Some thought Dee a heretic, or a sorcerer wielding the dark arts. Witchcraft was illegal for harmful purposes, but only if someone was shown guilty of raising wicked spirits or causing the death of another. If harmful witchcraft was proven, death by hanging was the punishment. If, however, the attempt had only brought about injury or the death of cattle, the witch was sent to prison for one year. My magistrates were cautious about sending men, or more usually women, to death for witchcraft, and more often than not they were sent to prison rather than hanged. Dee’s detractors misunderstood his work, and thought he was attempting to conjure evil spirits, or the Devil. He was trying to do neither. There were plenty of cunning men and women in England who used magic to do good, such as healing, finding lost items, or bringing about love, and Dee, although his ambitions went higher, into alchemy and communication with angels, was one of them.
Some people fear everything they do not understand. The trick to master this terror is to come to understand that which we do not, and release fear in doing so. But some will not attempt this.
I protected men like Dee, for even if I did not understand all their work, I saw there was worth in it. Perhaps one day, a scholar in the future would look back with as much reverence for Dee as I and many others held for Seneca.
After my afternoon of reading with Ascham was done, I went back to my rooms. “Where is Lady Knollys?” I asked as Helena came to take my jewels rather than my Carey cousin.
“Taken ill, Majesty,” said Helena.
“Is she alright?” It was rare that Catherine would fail in her duties, even if unwell.
“She has a fever, Majesty,” said Helena. “Mistress Parry scolded her into bed.”
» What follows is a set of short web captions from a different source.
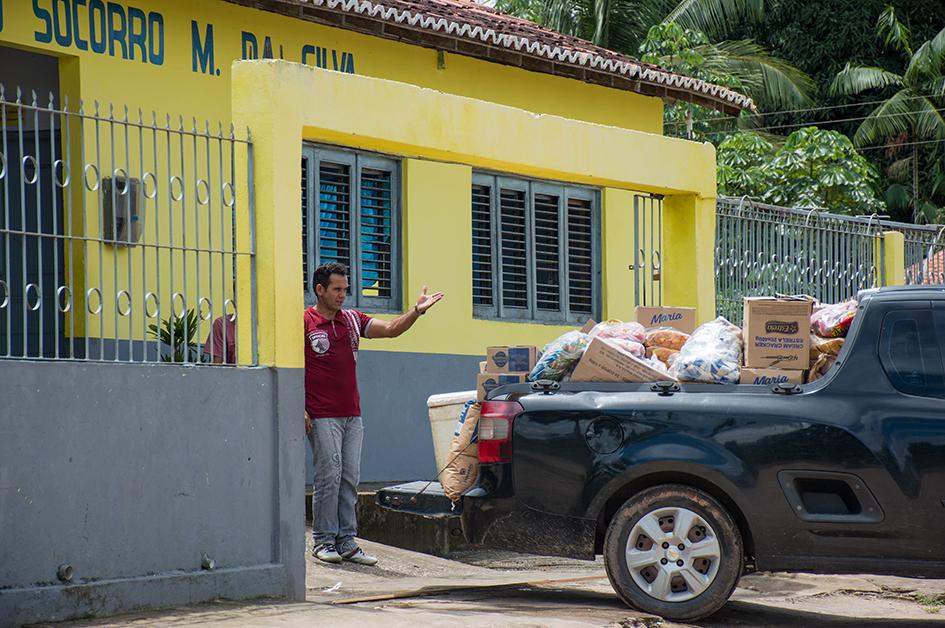 Merenda escolar é distribuída nas escolas de Amapá do Maranhão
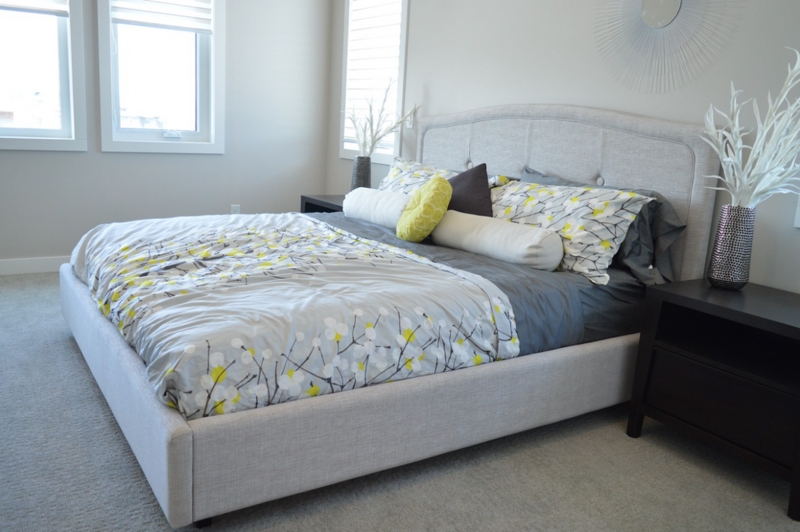 Upholstered Bed with Arched Tufted Headboard and Linen Look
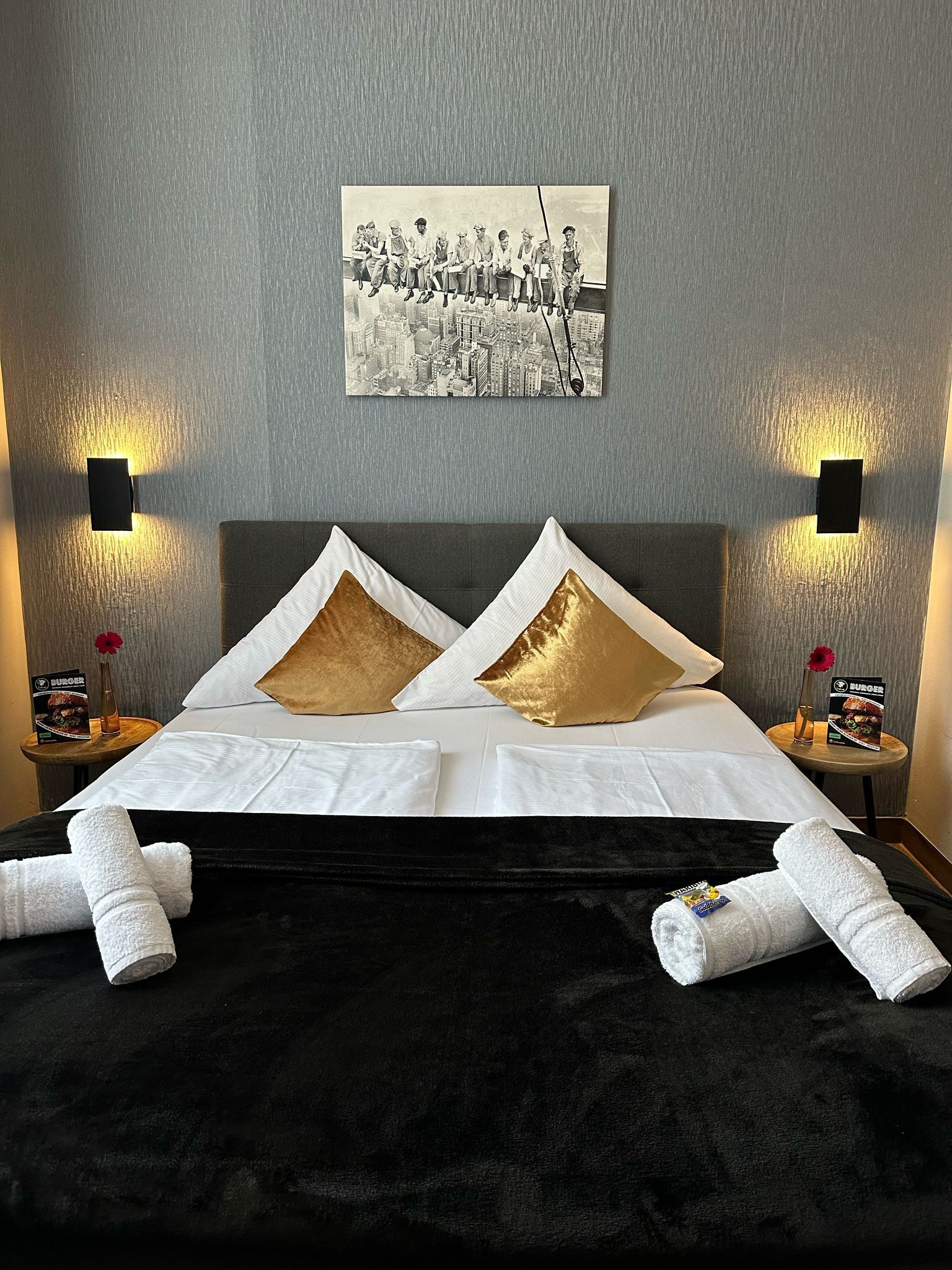 ダブルルーム | 低刺激性寝具、羽毛の掛け布団、ピロートップベッド、デスク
I chuckled. Blanche was hard to disobey. “Send something hearty to her for dinner,” I said. “And keep me informed.”
“Of course, Majesty.”
I frowned. My doctors did not like me going to members of my household when they were ill, but I often disobeyed. I had been in reasonably good health for a long time, no more subject to painful monthly courses, wandering fevers, or other trials sent to plague me.
Helena saw what I was thinking and shook her head. “Majesty, Lady Knollys said
that if you looked as though you might go to her, we were to say that Mistress Parry will be at her door.” The young beauty grinned. “You will not pass, Majesty. Not with Mistress Parry guarding the entrance like a she-wolf.”
I laughed. “Shall I tell Blanche what you say, Helena?”
She smiled wider. “I said as much to her myself, Majesty. I am not one to hide my admiration.”
“You admire wolves, then?”
“Not wolves, Majesty,” she said. “But she-wolves, I do indeed. I hope to become one myself, one day, like Mistress Parry, and you.”
Laughing heartily as I clipped her shoulder softly with my hand, I wandered into the adjoining chamber, and tried to set worry from my mind. Blanche will care for Catherine, I thought. Even Death Himself would not dare set foot in that room with Mistress Parry present.